Muro Shigeo, Ishida Masato, Horie Yoshiharu, Takeuchi Wataru, Nakagawa Shunki, Ban Hideyuki, Nakagawa Tohru, Kitamura Tetsuhisa
Department of Respiratory Medicine, Nara Medical University, Nara, Japan.
Department of Respiratory and Immunology, Medical, AstraZeneca KK, Osaka, Japan.
JMIR Med Inform. 2021 Jul 6;9(7):e24796. doi: 10.2196/24796.
Airflow limitation is a critical physiological feature in chronic obstructive pulmonary disease (COPD), for which long-term exposure to noxious substances, including tobacco smoke, is an established risk. However, not all long-term smokers develop COPD, meaning that other risk factors exist.
This study aimed to predict the risk factors for COPD diagnosis using machine learning in an annual medical check-up database.
In this retrospective observational cohort study (ARTDECO [Analysis of Risk Factors to Detect COPD]), annual medical check-up records for all Hitachi Ltd employees in Japan collected from April 1998 to March 2019 were analyzed. Employees who provided informed consent via an opt-out model were screened and those aged 30 to 75 years without a prior diagnosis of COPD/asthma or a history of cancer were included. The database included clinical measurements (eg, pulmonary function tests) and questionnaire responses. To predict the risk factors for COPD diagnosis within a 3-year period, the Gradient Boosting Decision Tree machine learning (XGBoost) method was applied as a primary approach, with logistic regression as a secondary method. A diagnosis of COPD was made when the ratio of the prebronchodilator forced expiratory volume in 1 second (FEV) to prebronchodilator forced vital capacity (FVC) was <0.7 during two consecutive examinations.
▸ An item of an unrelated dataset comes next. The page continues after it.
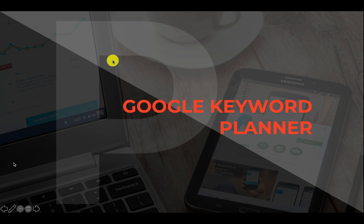Hey, how's it going, gang? Justin Croxton here once again. I think we're in Module 5 now where we're going to talk a little bit more about the Google Keyword Planner.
Of the 26,101 individuals screened, 1213 met the exclusion criteria, and thus, 24,815 individuals were included in the analysis. The top 10 predictors for COPD diagnosis were FEV/FVC, smoking status, allergic symptoms, cough, pack years, hemoglobin A, serum albumin, mean corpuscular volume, percent predicted vital capacity, and percent predicted value of FEV. The areas under the receiver operating characteristic curves of the XGBoost model and the logistic regression model were 0.956 and 0.943, respectively.
Using a machine learning model in this longitudinal database, we identified a number of parameters as risk factors other than smoking exposure or lung function to support general practitioners and occupational health physicians to predict the development of COPD. Further research to confirm our results is warranted, as our analysis involved a database used only in Japan.
气流受限是慢性阻塞性肺疾病(COPD)的关键生理特征,长期接触包括烟草烟雾在内的有害物质是公认的风险因素。然而,并非所有长期吸烟者都会患上COPD,这意味着还存在其他风险因素。
本研究旨在利用机器学习方法,在年度体检数据库中预测COPD诊断的风险因素。
在这项回顾性观察队列研究(ARTDECO [检测COPD的风险因素分析])中,分析了1998年4月至2019年3月收集的所有日立公司日本员工的年度体检记录。通过退出模型提供知情同意的员工经过筛选,纳入年龄在30至75岁之间、既往未诊断为COPD/哮喘或无癌症病史的员工。数据库包括临床测量数据(如肺功能测试)和问卷调查回复。为了预测3年内COPD诊断的风险因素,主要采用梯度提升决策树机器学习(XGBoost)方法,逻辑回归作为次要方法。当两次连续检查时,支气管扩张剂使用前1秒用力呼气量(FEV)与支气管扩张剂使用前用力肺活量(FVC)的比值<0.7时,诊断为COPD。
在筛选的26101名个体中,1213名符合排除标准,因此,24815名个体纳入分析。COPD诊断的前10个预测因素是FEV/FVC、吸烟状况、过敏症状、咳嗽、吸烟包年数、血红蛋白A、血清白蛋白、平均红细胞体积、预测肺活量百分比和FEV预测值百分比。XGBoost模型和逻辑回归模型的受试者工作特征曲线下面积分别为0.956和0.943。
在这个纵向数据库中使用机器学习模型,我们确定了一些除吸烟暴露或肺功能之外的参数作为风险因素,以支持全科医生和职业健康医生预测COPD的发生。由于我们的分析涉及仅在日本使用的数据库,因此有必要进行进一步研究以证实我们的结果。